By Mary Taruvinga
THE widow of the late Zanu PF legislator Tendai Savanhu, who is accused of assaulting her step son in an ongoing estate wrangle, has denied the allegations, arguing there is bad blood between them.
The widow, Tendai Madakureva-Savanhu, said this when her trial commenced before Harare magistrate, Tafadzwa Mhiti on Monday.
Shw is being accused assaulting Tatenda Savanhu when he went to oversee her eviction from her Glen Lorne matrimonial home in March this year.
She was being evicted as a result of another dispute involving another woman associated with the late politician.
“The accused person denies and dismisses the allegations being levelled against her, and rather states she is a victim of abuse from the complainant,” she said in her defence.
“The accused will deny ever assaulting the complainant on that day, but will state that the events of that day were calculated, as the complainant wanted to get an interim peace order against her with conditions which required her to visit her matrimonial home.”
Tendai said the allegations are malicious and the reason being there is an ongoing family inheritance wrangle on her husband’s estate.
She said it is on record that there is bad blood between herself and her step son.
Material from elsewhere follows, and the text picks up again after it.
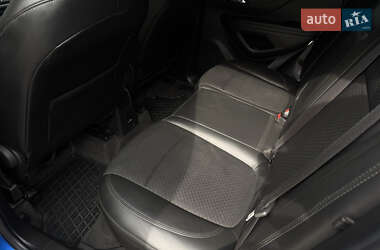 Позашляховик / Кросовер Buick Encore 2016 в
“If at all there was an eviction in place, the messenger of court is the only person allowed to carry out the process. The question that follows is what was the complainant doing at the premises. From the state papers it is clear that Acie Mutumanje is the one who hit the windscreen, and not the accused,”her lawyer said.
The widow has known no peace since the demise of Savanhu, claiming that the politician’s ex-wife, Sabina and her son, Tatenda, want to disinherit her.
Tendai and her children currently have no shelter after she was thrown out of her matrimonial home.
Tendai alleged that Sabina and her son wanted to elbow her out of the empire she helped build.
She took the matter to the courts, also suing her late husband’s lawyer, Partson Matandadzi, for conniving with Sabina and misrepresenting facts, knowing that she was Savanhu’s only wife and surviving spouse.
Matandadzi is, according to court papers, the executor of Savanhu’s estate, also playing the role of paying off the family’s expenses through Savanhu’s company, T and S Marketing.
In her declaration, Tendai said the company was responsible for payment of all their expenses, including fees, medication, farm expenses, wages and workers’ accommodation, among other expenses.
She said Savanhu did not distinguish between his personal affairs and the affairs of his company.
The widow said they acquired the stand where they built their matrimonial home in 1999, before they built and completed the house two years later.
She said they moved in soon after completion and lived there for 20 years with their three children before her husband died.
According to the declaration, she is the one who was responsible for the designing of the house, monitoring of its construction and daily running of their family.
The stand was registered in T and S Marketing’s name.
She said Sabina ceased to have any interests in T and S Marketing and was removed as one of the directors of the company.